Sunday, June 30, 2013

in pursuit of pitcher plants

One of the springs that flows into Castle Lake trickles down the near-vertical southwestern rock face. This evening, once the day revelers left and the sun had set, I rowed out there to take pictures of its pitcher plants.




Pitcher plants are fascinating, but these pictures were rather hard won….

I had quietly and deftly steered my canoe to the right spot, but wishing to get closer and use the macro on the camera, I decided to step one foot out of the canoe onto the rocks. But since I was barely balanced this way, I decided to step the other foot also onto the rocks. There, better. I glanced down at the canoe, which was obediently waiting alongside the rocks at my feet and noted the still water.
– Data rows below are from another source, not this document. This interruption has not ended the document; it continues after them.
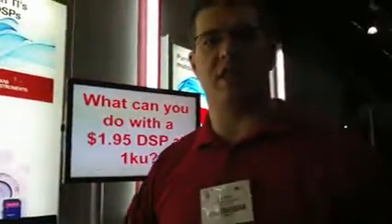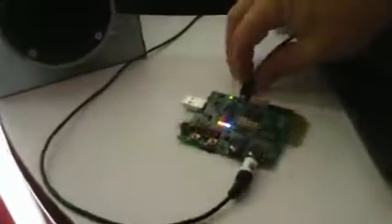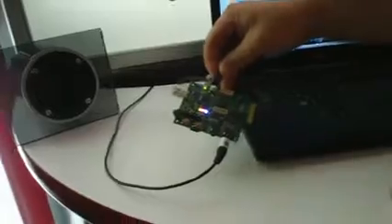So what we have here is you get the kit and you get the demo right off the bat with the kit that you get for $55.00. It includes the actual board itself and the cable, as well as the SD card and some headphones so that you can listen to USB audio either coming from a PC, a Mac, a Linux box, or a PS3.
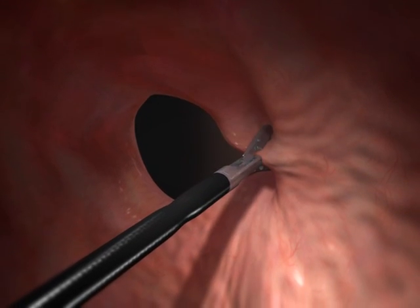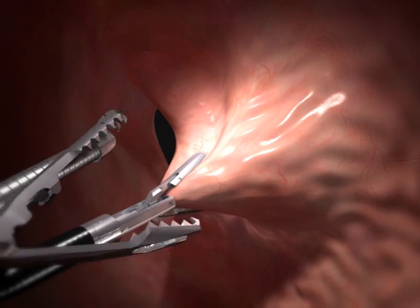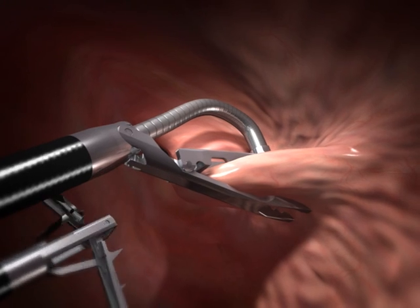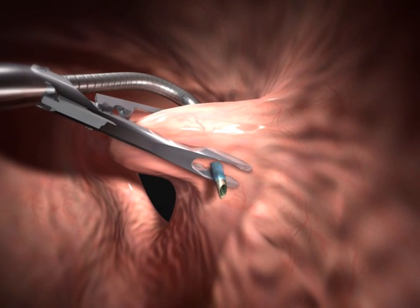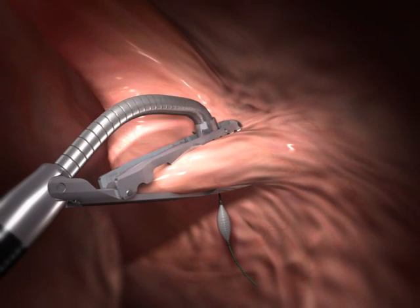The small grasper pulls a large bite into the jaws of the tissue plicator, creating a large fold in the tissue. The surgeon can vary the depth of the bite to ensure the desired result. Under direct vision, a needle is then passed through the tissue, and a pair of expandable suture anchors is placed on either side to hold it in place.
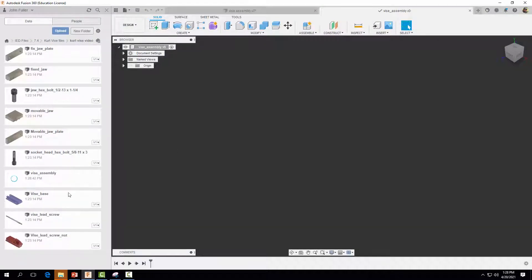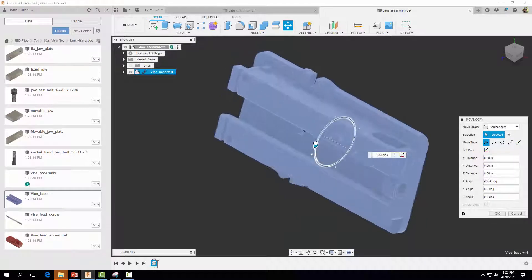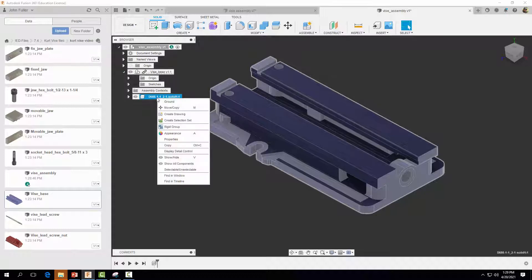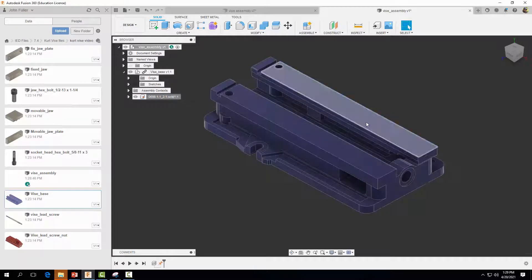The next thing we want to do is bring in the vise base. I'm going to right-click and insert into the current design. I'm going to rotate the part 90 degrees and select OK. I'll right-click on the D6A8 component and ground it so it doesn't move. This part is now grounded — if you try to move it, it will not move.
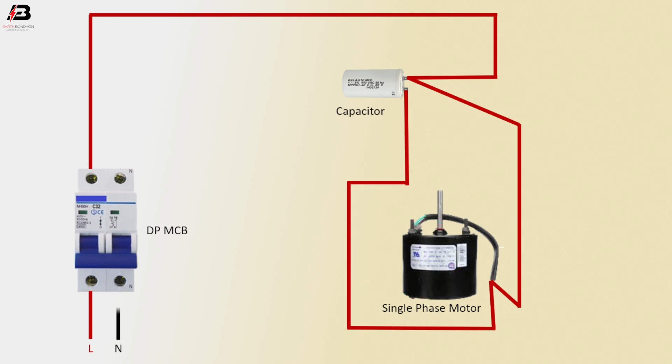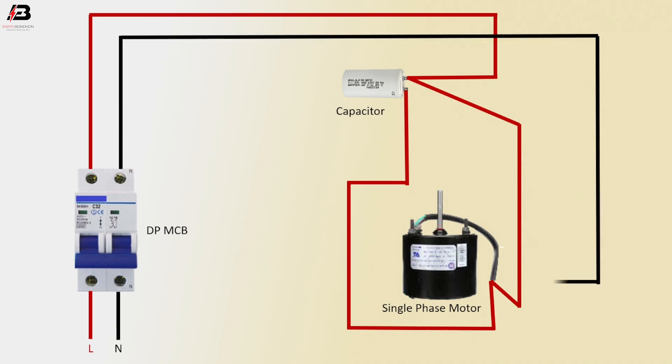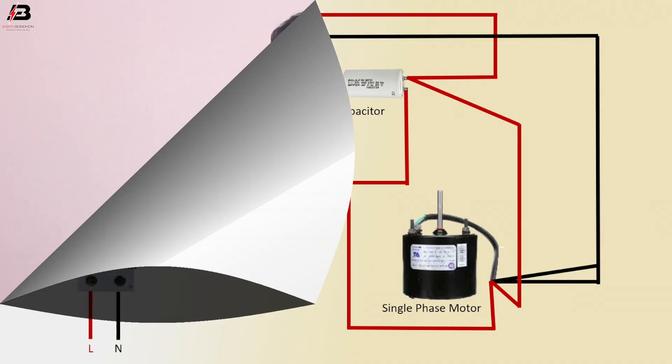Neutral connection goes to the double pole MCB. Neutral connection outgoing from the double pole MCB connects to the single phase motor. Now it's ready for use.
This will only take a second, I convinced myself, and turned my attention and lens to the pitcher plants.

But when has adjusting settings and focusing and framing a photo only taken a second? By the time I looked up from my camera, I realized the canoe was ten feet away already, in a part of the lake where the bottom dropped out immediately from shore. Sh** -- I had lost my boat! I was that clueless tourist wearing a big camera around my neck, now stranded.
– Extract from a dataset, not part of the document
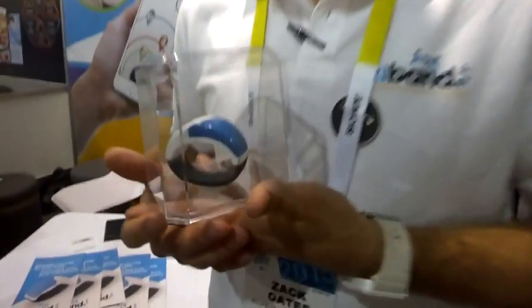They have a Kickstarter coming out in a month, and their Indiegogo campaign is running right now. If you want to support them or find out more information, just go to kyband.com and you can get all the links from there. Thank you very much — that's so cool!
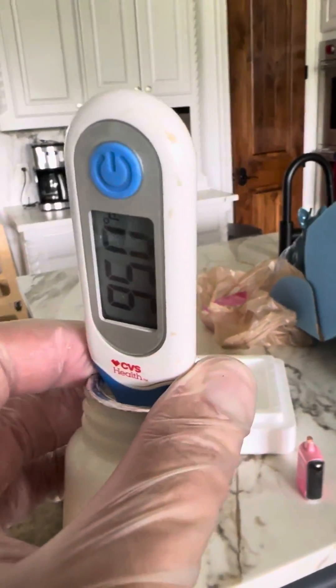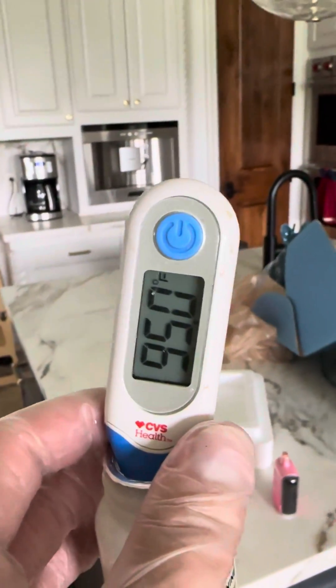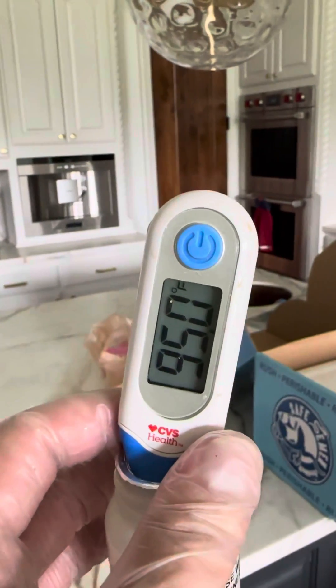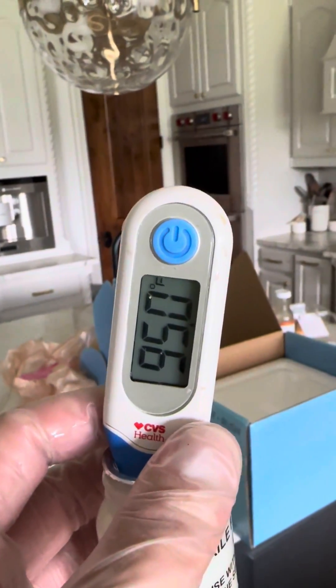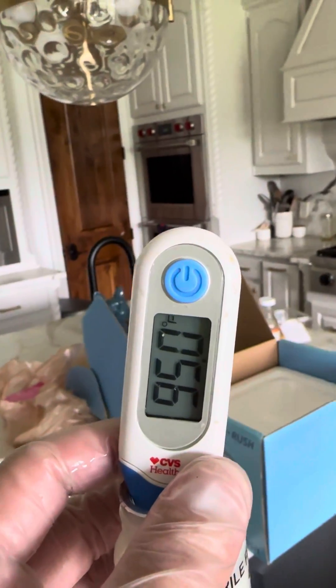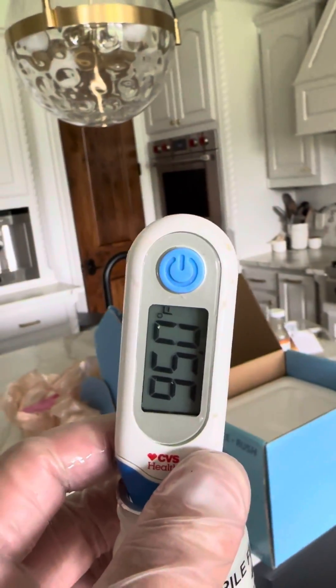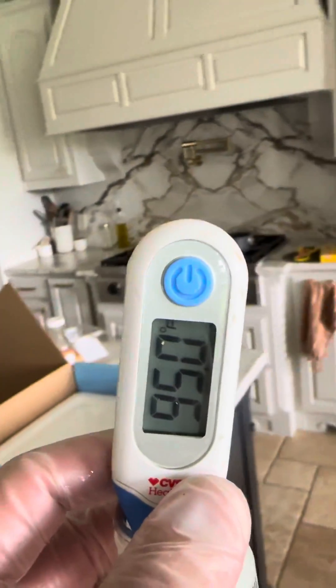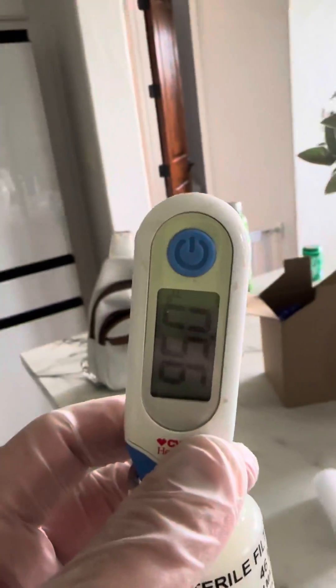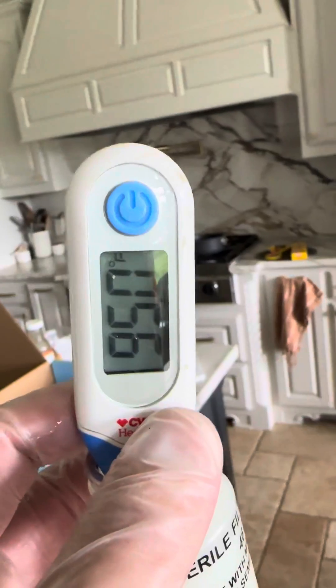Whenever you ship semen and you're mixing extender in, you're always going to want to check the temperature of the extender. As long as it's within about 5 degrees, you're not going to shock the semen, because the semen is going to be normal body temp, which is about 99 to 100 for dogs. So at 95, I'm good to go. I don't want to heat it too much and have it be too hot.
Luckily, my reaction time is pretty fast, and I was already throwing my camera and glasses to the ground, stripping off my clothes, and diving into the lake. I didn’t waste the precious seconds to take off my jeans, though, so I was pretty wet and heavy dragging the canoe back to the rocks. But I was wearing a grin and I could feel the laughter starting to boil deep inside me. What a rookie! I do know better, although you probably don’t believe me now.

Another rookie mistake: The day I arrived at Castle Lake, Brooke met me up here to show me around. Then we were going to row across the lake to fetch my belongings. I get into the rowboat first and sit down on the middle bench. Brooke gives me a sideways look, and gently tells me that I’m backwards. She was probably wondering who she’d hired! Um, I learn quickly?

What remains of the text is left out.